Galloway allegations false Iraq
By: Julian Rush
Suspended Labour MP, George Galloway, claimed he was a victim of conspiracy today as an American publication admitted the documents it based a story accusing the politician of taking money from Saddam Hussein were forged.
He rejected the apology from the Christian Science Monitor and said he would pursue legal action against the paper.
The front page retraction is deeply embarrassing for one of America's more respected newspapers. Its story in April alleging George Galloway had received payments from Saddam Hussein's regime totalling $10m over eleven-years based, it now admits, on bogus documents.
On Republican Guard stationary, they were alleged to have come from a home of Saddam's son, Qusay - from the Special Security Section that he ran.
They came from General Salah Abdel Rasool, a minor Republican Guard general. But when, in May, he sold other, obvious fakes about Mr Galloway to the Mail on Sunday, the Christian Science Monitor launched an investigation.

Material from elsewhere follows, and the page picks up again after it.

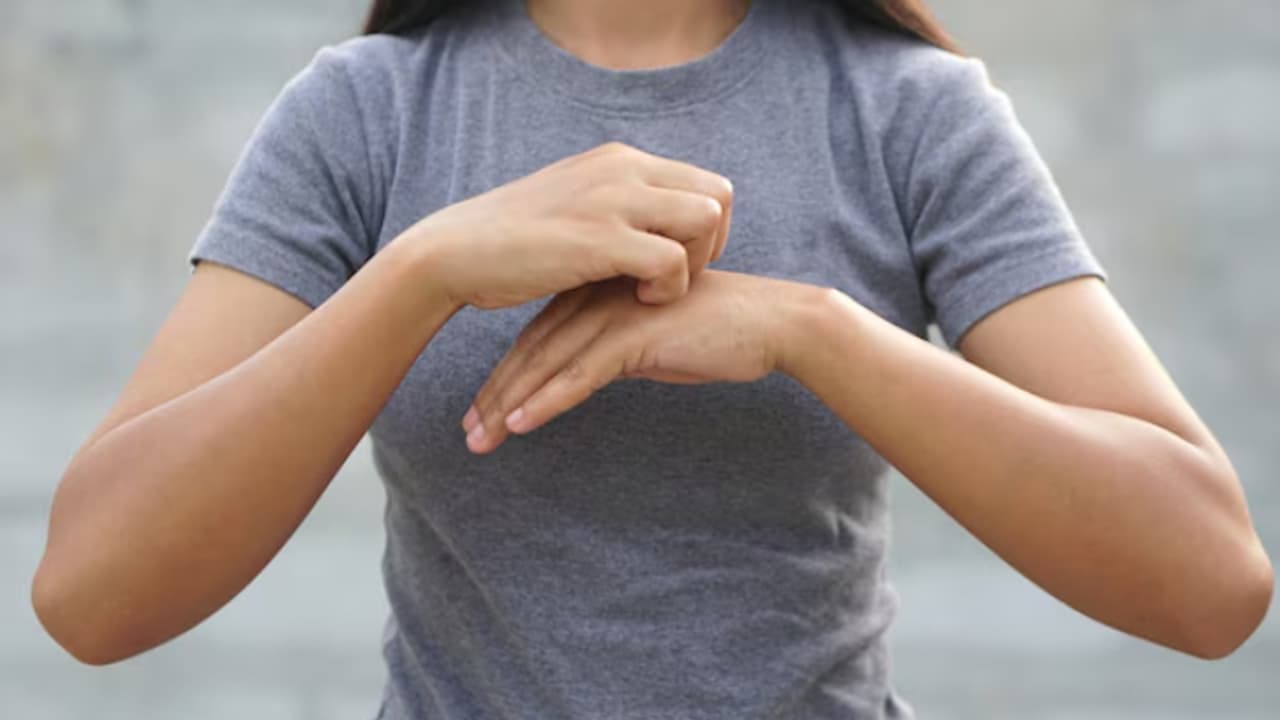 World Psoriasis Day 2024: സോറിയാസിസിന്‍റെ ഈ ലക്ഷണങ്ങളെ തിരിച്ചറിയാതെ പോകരുത്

Textual analysis by experts with long experience of Iraqi official papers found glaring inconsistencies, not least in the dates, hand-written in almost identical fashion, despite purportedly spanning a decade.
Forensic examination of the ink confirmed they were fake: the allegedly ten-year-old ink as new as that on papers claimed to be from January this year.
The editor, Paul Van Slambrouck, was not available for interview, but in the paper he apologised to Mr Galloway:
Paul Van Slambrouck, editor CSM:
"We deemed the story itself important both because of its alleged substance and its timing... We strive to be truth-tellers... On this story we erred."
The story followed a few days after allegations that Mr Galloway was seeking payment from the Iraqis were revealed in the Daily Telegraph. Suddenly journalists in Baghdad went on the hunt for more incriminating paperwork.
Their reporter had found the papers in the burnt-out foreign ministry.
The same expert who condemned the Christian Science Monitor papers has seen the Telegraph papers and pronounced them more likely to be authentic.
The Telegraph stands by its story - Mr Galloway has threatened to sue the paper but has not yet served any writs.